Written Answers Nos. 65-71

Insurance Compensation Fund

Questions (65)

Jerry Buttimer

Question:

65. Deputy Jerry Buttimer asked the Minister for Finance the measures being taken to protect former customers of a company (details supplied); his views on limiting the personal liability of such customers; and if he will make a statement on the matter. [40553/14]

View answer

Written answers

I am aware of the difficulties that the liquidation of Setanta Insurance Company Limited has caused for Setanta policyholders and those claiming compensation under Setanta insurance policies.  My Department and the Central Bank will in due course be reviewing the overall circumstances relating to Setanta and will report to me on what lessons can be learned and how the framework can be strengthened.

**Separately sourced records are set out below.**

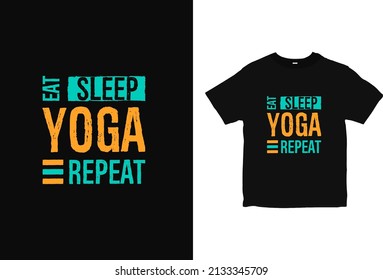 Yoga typography T-Shirt design, Eat sleep Yoga repeat shirt , retro look vector design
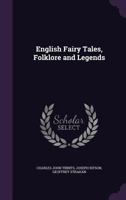 English Fairy Tales, Folklore and Legends 1508844925 Book Cover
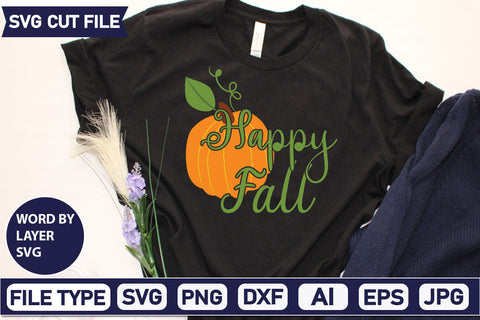 Happy Fall SVG Cut File SVGs quotes-and-sayings food-drink mini-bundles print-cut on-sale Clipart Clip Art Sublimation or Vinyl Shirt Design SVG DesignPlante 503 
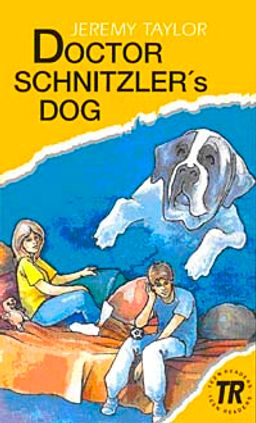 Doctor Schnitzler's Dog (Teen Readers Level-1)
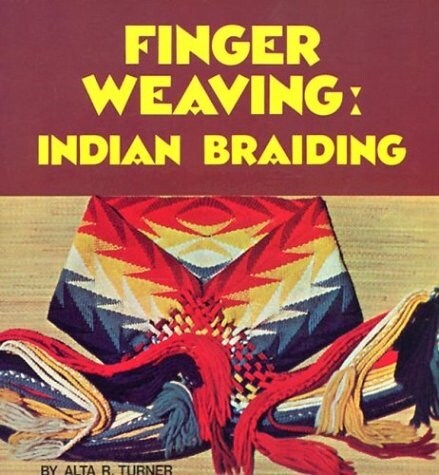Finger Weaving: Indian Braiding (Paperback)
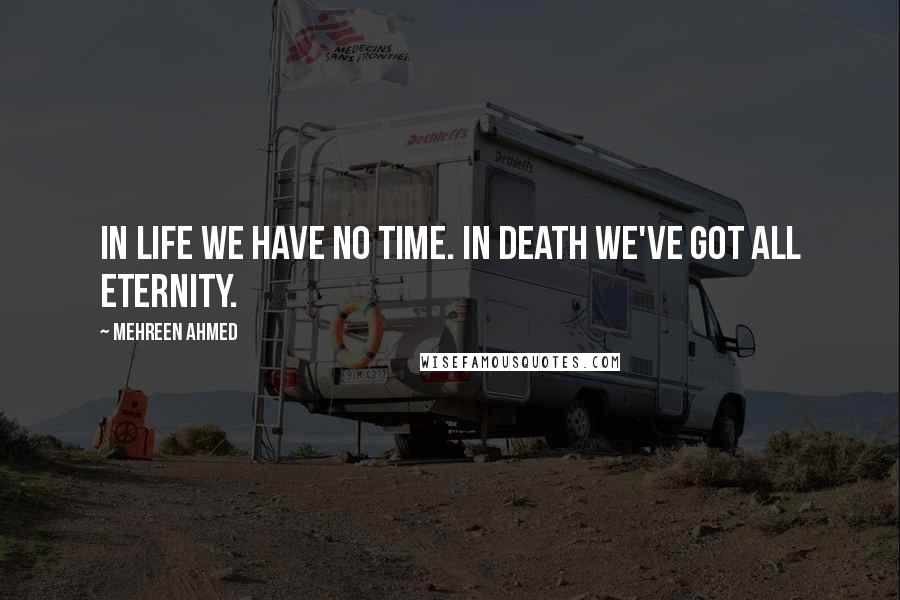 Mehreen Ahmed Quotes: In life we have no time. In death we've got all eternity.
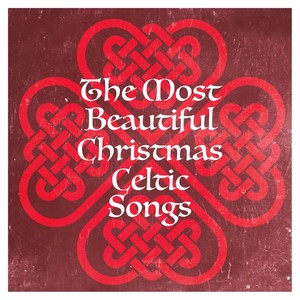 The Most Beautiful Christmas Celtic Songs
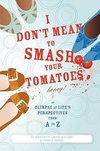 I Don't Mean to Smash Your Tomatoes, Honey!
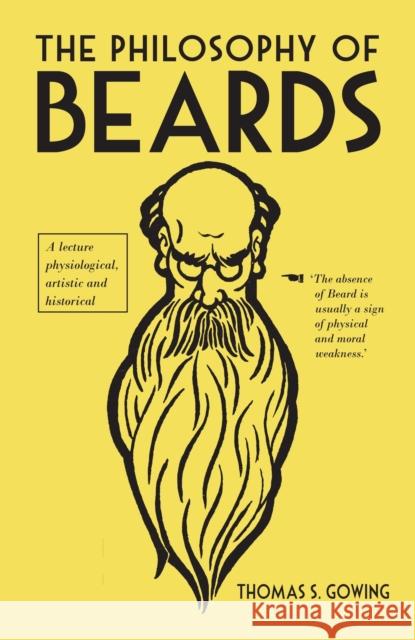 The Philosophy of Beards Thomas S. Gowing 9780712357661 British Library Publishing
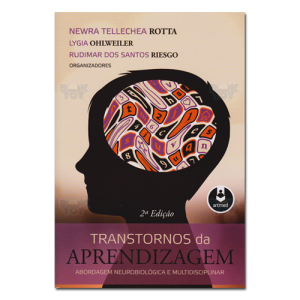 Transtornos da Aprendizagem Abordagem Neurobiológica e Mustidisciplinar 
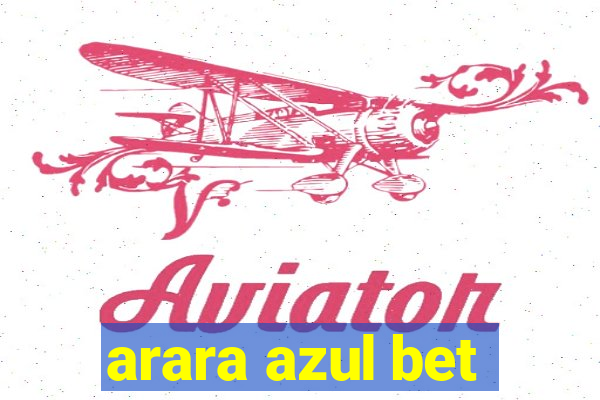 arara azul bet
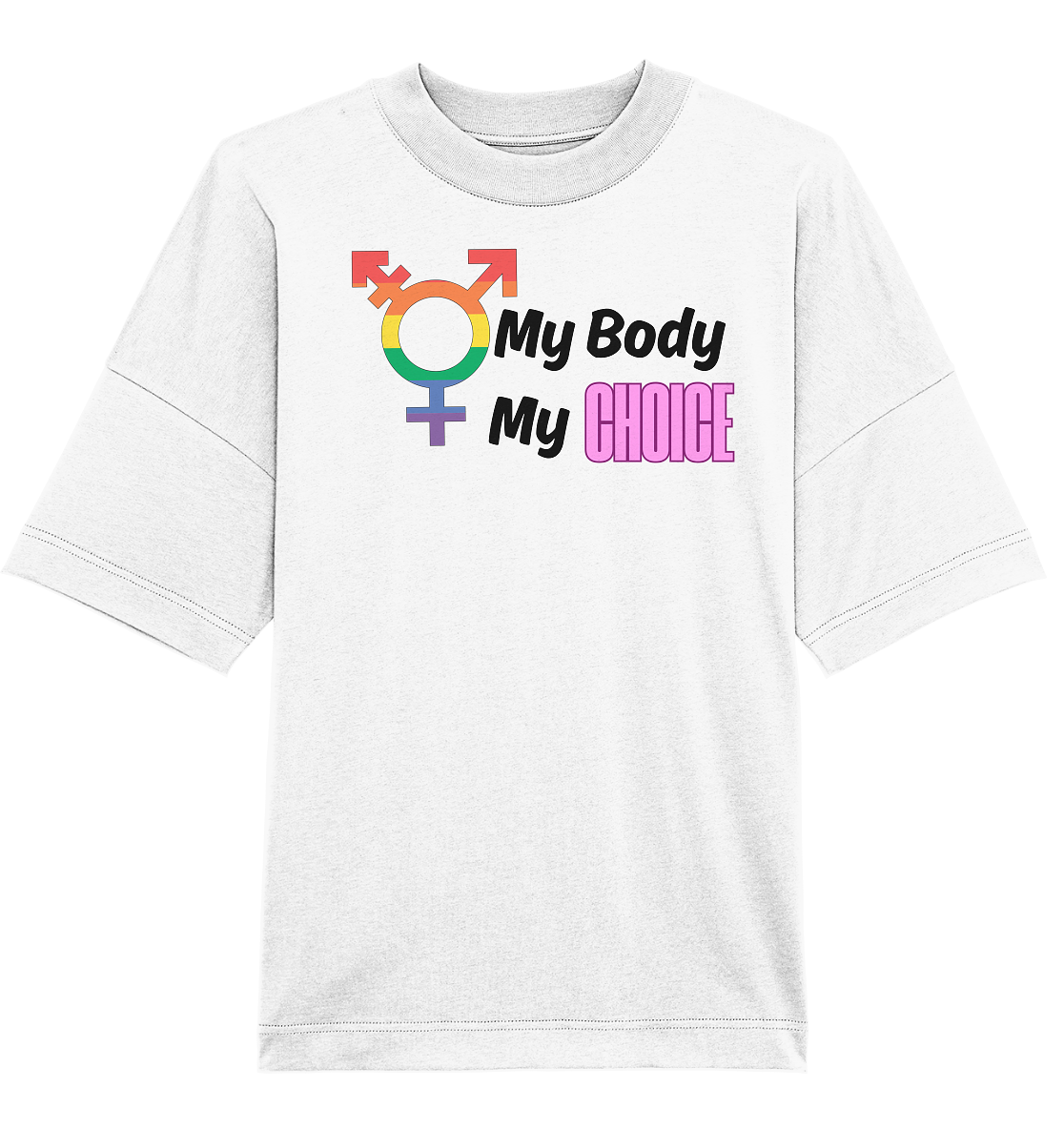 My Body My Choice "Rainbow Resistance Edition" - Oversize Shirt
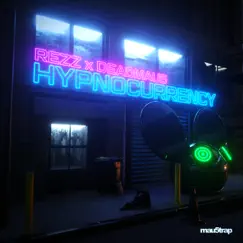 Hypnocurrency - Single by Rezz & deadmau5 album reviews, ratings, credits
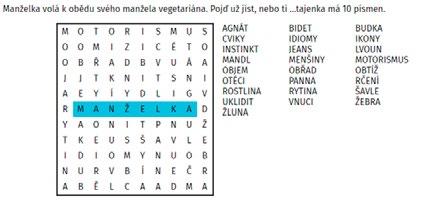 30 hodin, kde můžete prodat i nakoupit dětské oblečení, hračky, knížky, kola, kočárky Sudoku Gratulujeme červnovým jubilantům 90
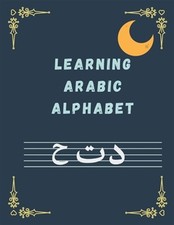 Learning ARABIC ALPHABET: Arabic Writing Alphabet Workbook Practice For Kinde...
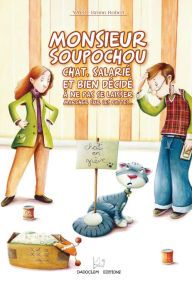 Title: Monsieur Soupochou: Chat, salarié, et bien décidé à ne pas se laisser marcher sur les pattes., Author: Yayo
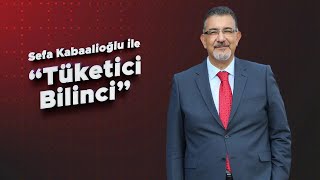 TÜKETİCİ BİLİNCİ  Sefa Kabaalioğlu  Av Orhan Boran [upl. by Alboran]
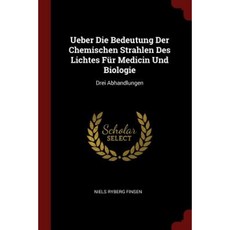 Ueber Die Bedeutung Der Chemischen Strahlen Des Lichtes Fur Medicin Und Biologie: Drei Abhandlungen Paperback, Andesite Press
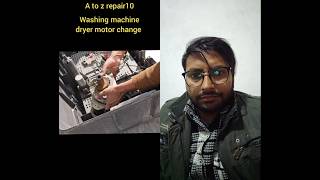 Washing machine dryer motor change shortvideo atozrepair10 repairing trending [upl. by Ardme731]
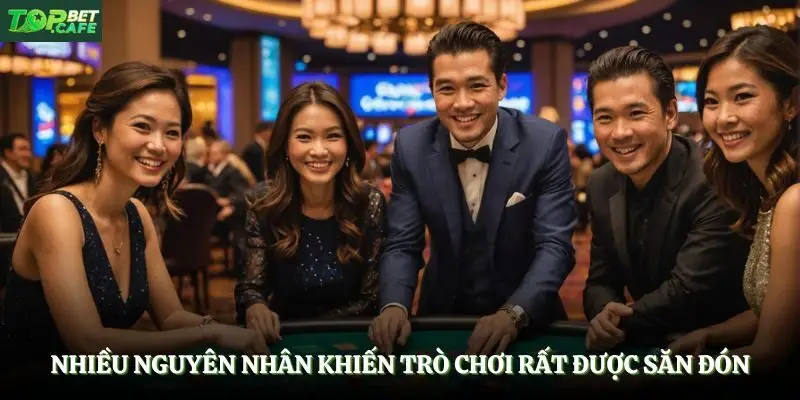 Nhiều nguyên nhân khiến trò chơi rất được săn đón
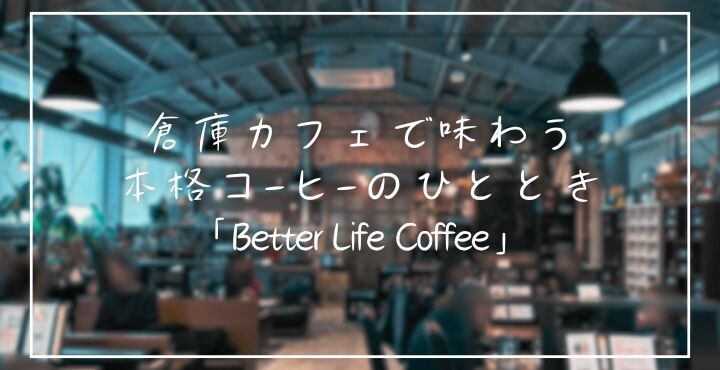倉庫カフェで味わう本格コーヒーのひととき「Better Life Coffee」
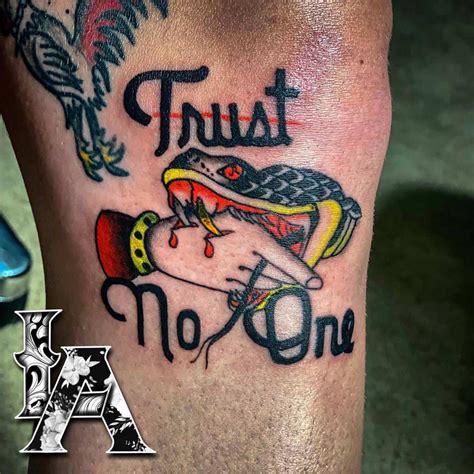 He is an artist, he has great vision for location and how a piece will flow on your skin. Top 69 Best Trust No One Tattoo Ideas - 2021 Inspiration Guide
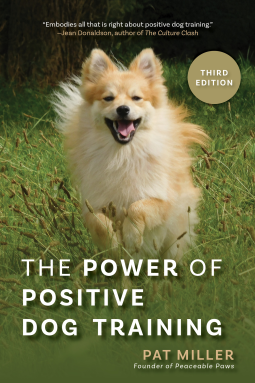 book cover for The Power of Positive Dog Training, Third Edition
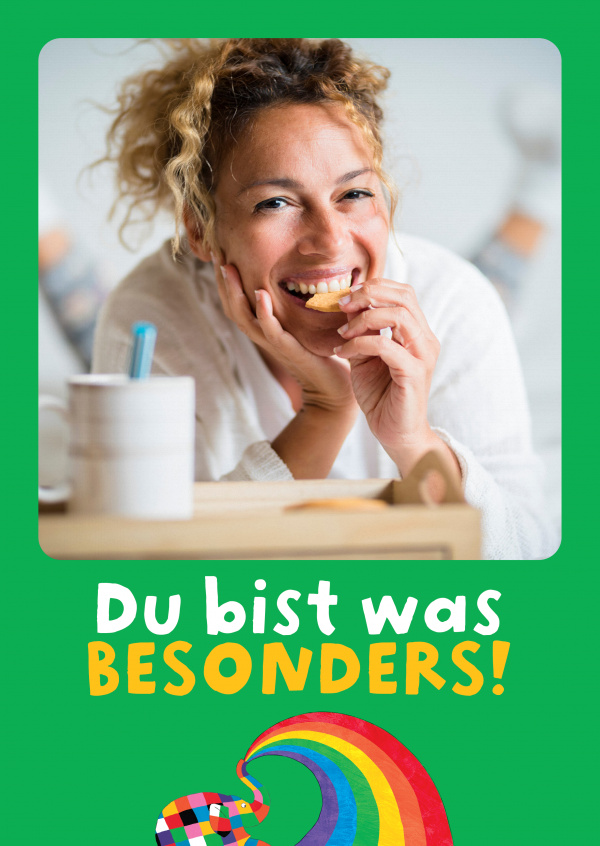 Du bist was besonders!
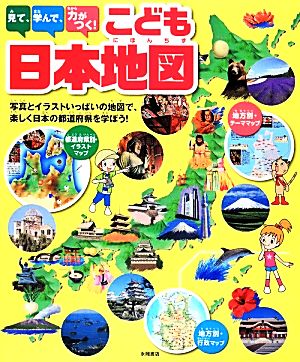 見て、学んで、力がつく！こども日本地図 写真とイラストいっぱいの地図で、楽しく日本の都道府県を学ぼう！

With regard to the position of Setanta claimants, you will appreciate that a liquidation of an insurance company is a legally complex and time consuming process.  In general terms, under the Statute of Limitations, claimants are given two years following an accident to make an initial claim.  However, it could take several years for a particular case to be finalised.  Setanta is a Maltese incorporated company and, therefore, the Setanta liquidation is being carried out under Maltese law. The Setanta Liquidator is currently examining a range of factors in order to estimate the cost of claims and the extent to which claims can be met in the Setanta liquidation.  The Liquidator has advised that settlements can only be paid out after all of the company's liabilities are quantified, including claims.

The Insurance Compensation Fund (ICF) provides for payments to meet the liabilities of insolvent insurers in certain cases where it is unlikely that claims can be met otherwise than from the ICF.  Under the Insurance Act 1964 claims by bodies corporate or unincorporated bodies are not covered by the ICF, except where there is a liability to or by an individual.  In addition, all ICF payments are subject to a limit of 65% of the amount due or €825,000, whichever is the lesser.  Management and administration of the ICF is under the control of the President of the High Court acting through the Office of the Accountant of the Courts of Justice.  The Accountant of the Courts of Justice is currently engaging with both the Setanta Liquidator and his legal advisors to put in place an appropriate mechanism to commence making applications to the High Court in accordance with the Insurance Act 1964.  I understand that at the moment the Accountant is not in a position to put a timeline on when the first applications will be made.  Procedures for processing claims and the timing of payments, including the question of advance payments from the ICF, is a matter for the President of the High Court.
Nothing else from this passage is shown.